City of Arts & Science – Valencia

Nathan Gray ’20 — When I walked into my host mother’s apartment in Seville, I was surprised by how very modern it was. Seville is a traditional city in the south of Spain, full of centuries old buildings and only one, very controversial skyscraper. My confusion turned to excitement when I learned that she had chosen the modern apartment because she is an architect. As an architect, she would help me explore a topic that I had been curious about for months: how cultural discussions about art and democracy become recorded in public architecture.

I’ve been chewing on this question since I visited the many courts of London during an immersion trip for Professors Himsel and Morillo’s History of the Common Law course. During a tour of the recently constructed building for the UK’s Supreme Court, the guide pointed out that every detail of the building’s construction was built to reinforce the idea of total equality before the law. For example, in the Supreme Court, the judges sat at the same level as the petitioner in contrast to the lofty placement of the bench in the older Royal Court of Justice. I began to wonder about how public and government architectural spaces make symbolic statements about how a nation views democracy, the state, and their past and how those views are perceived through design.

In addition to my host mother’s architectural expertise, my class on the History of Seville through Art provided me all the intellectual tools and practice for understanding how a political and cultural community shapes and redefines its narrative through its public spaces and how that changes over time. Thanks to the generous support of the Givens Scholarship, I now had the resources to explore how other parts of Europe answered this question.

During my time in Europe, I was fortunate enough to see how various parts of Spain, the UK, France, and Italy have formed and reformed their public spaces. However, by far, the most apparent and striking example of this process could be seen in Berlin. Germany, more than perhaps any other country in Europe, has been forced to struggle with the relationship between the public, the state, and its painful past. The modern Reichstag building and the surrounding area are a testament to this reckoning.

Modern Reichstag

The modern Reichstag building was designed by Norman Foster and sits within the restored neo-classical edifice of the building used to house the Imperial Diet of the German Empire in 1894. After a bad fire in 1933, it remained unused until after the reunification of Germany in 1990. As part of its restoration, Foster topped the building with a large glass dome with a gallery that allows the public to observe the representatives in the debating chamber. Foster wanted this to represent the primacy of the people over their political representatives in a democracy.

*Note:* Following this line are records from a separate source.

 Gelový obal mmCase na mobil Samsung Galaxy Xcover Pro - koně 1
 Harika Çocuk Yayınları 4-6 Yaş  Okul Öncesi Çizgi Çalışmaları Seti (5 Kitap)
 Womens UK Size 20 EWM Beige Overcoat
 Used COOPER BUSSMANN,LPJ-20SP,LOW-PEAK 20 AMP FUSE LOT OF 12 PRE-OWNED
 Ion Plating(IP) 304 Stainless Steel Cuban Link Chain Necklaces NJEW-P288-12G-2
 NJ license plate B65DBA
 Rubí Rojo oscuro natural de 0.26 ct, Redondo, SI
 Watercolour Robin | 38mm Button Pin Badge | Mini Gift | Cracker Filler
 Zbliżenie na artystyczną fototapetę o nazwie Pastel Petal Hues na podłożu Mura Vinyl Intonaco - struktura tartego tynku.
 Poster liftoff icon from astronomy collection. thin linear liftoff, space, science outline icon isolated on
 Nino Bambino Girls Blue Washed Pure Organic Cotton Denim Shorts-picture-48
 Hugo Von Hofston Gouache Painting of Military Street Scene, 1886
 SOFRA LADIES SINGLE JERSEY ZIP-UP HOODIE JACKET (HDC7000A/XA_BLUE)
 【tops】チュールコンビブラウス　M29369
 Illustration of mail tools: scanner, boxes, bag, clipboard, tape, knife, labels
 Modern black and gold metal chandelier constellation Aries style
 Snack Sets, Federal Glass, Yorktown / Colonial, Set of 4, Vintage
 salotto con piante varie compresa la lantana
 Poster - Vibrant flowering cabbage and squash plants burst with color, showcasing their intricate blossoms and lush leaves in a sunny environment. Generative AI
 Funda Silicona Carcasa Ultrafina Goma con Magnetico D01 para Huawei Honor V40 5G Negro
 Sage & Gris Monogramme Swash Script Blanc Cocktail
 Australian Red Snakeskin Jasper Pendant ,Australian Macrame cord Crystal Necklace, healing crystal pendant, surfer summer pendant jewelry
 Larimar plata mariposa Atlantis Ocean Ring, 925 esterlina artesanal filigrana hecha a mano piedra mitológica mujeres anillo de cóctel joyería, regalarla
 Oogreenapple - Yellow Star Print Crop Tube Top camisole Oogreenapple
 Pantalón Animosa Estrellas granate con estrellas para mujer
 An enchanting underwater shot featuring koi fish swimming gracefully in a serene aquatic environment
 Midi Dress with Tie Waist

Looking out onto the city from the dome, one cannot avoid the reminders of Germany’s past. Within blocks of the Reichstag stands the imperialist Brandenburg Gate as well as the somber Memorials to the Murdered Jews of Europe, the Sinti and Roma, and the Homosexuals killed and persecuted during the Nazi regime. The almost exclusively modern architecture of Berlin speaks to the degree of its destruction and fragments of the Berlin Wall and preserved ruins remain like painful scars across the city. Significantly, even as Berlin has been rebuilt and unified over the last century, the public spaces of the German capital mirror the culture of remembrance held by the nation.

Exploring these sites and cities struck me in a profound way. It brought to life ideas and past lessons in history, political science, deliberation and even chemistry. Without the support of the Givens family and Wabash, none of this would have been possible, and I am deeply grateful for all the incredible opportunities they made available to me.